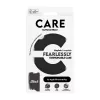 Capa PanzerGlass CARE™ by ® Preta c. MagSafe iPhone 16 Plus, Capa, Apple, Apple - iPhone 16 Plus, Preto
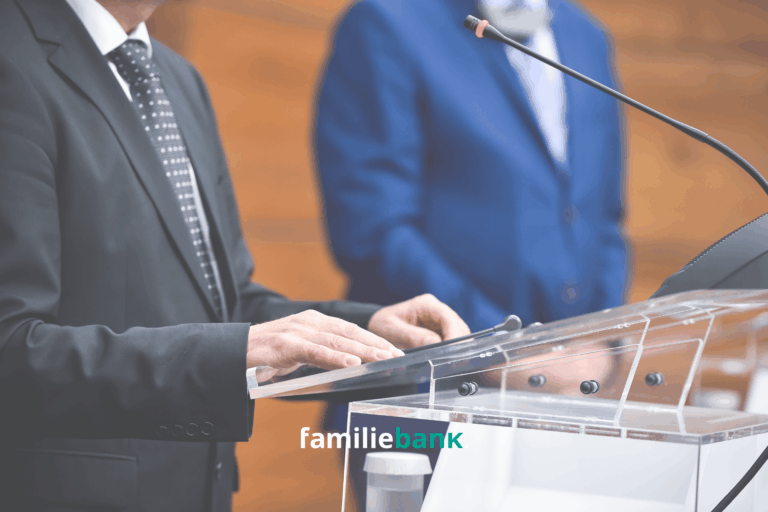 Afschaffen rente aftrek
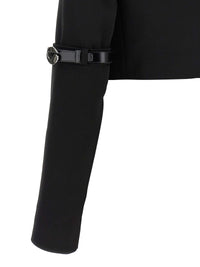 Coperni Women 'Hybrid' Blazer
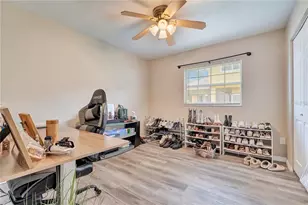 1421 Michigan Ave, Winter Park, FL 32789 - Photo 22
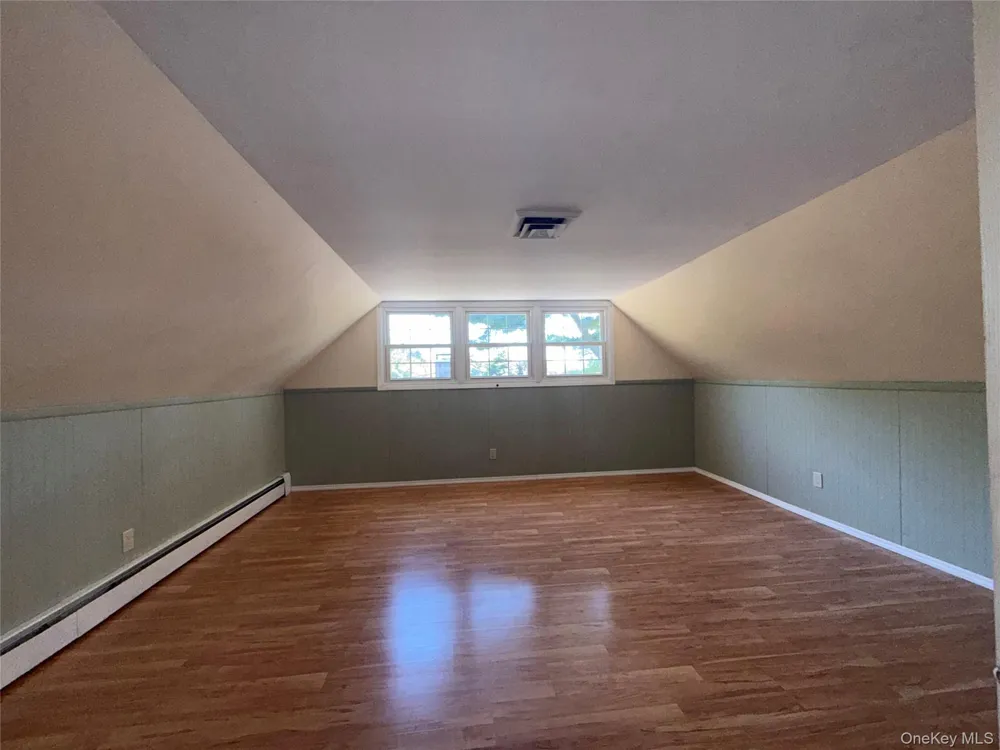 51 Hastings Drive Stony Brook, NY 11790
_ _ _ _ _
Set every record down verbatim. No pictures belong in the copy.

** Response to the task **
 Capa PanzerGlass CARE™ by ® Preta c. MagSafe iPhone 16 Plus, Capa, Apple, Apple - iPhone 16 Plus, Preto
 Afschaffen rente aftrek
 Coperni Women 'Hybrid' Blazer
 1421 Michigan Ave, Winter Park, FL 32789 - Photo 22
 51 Hastings Drive Stony Brook, NY 11790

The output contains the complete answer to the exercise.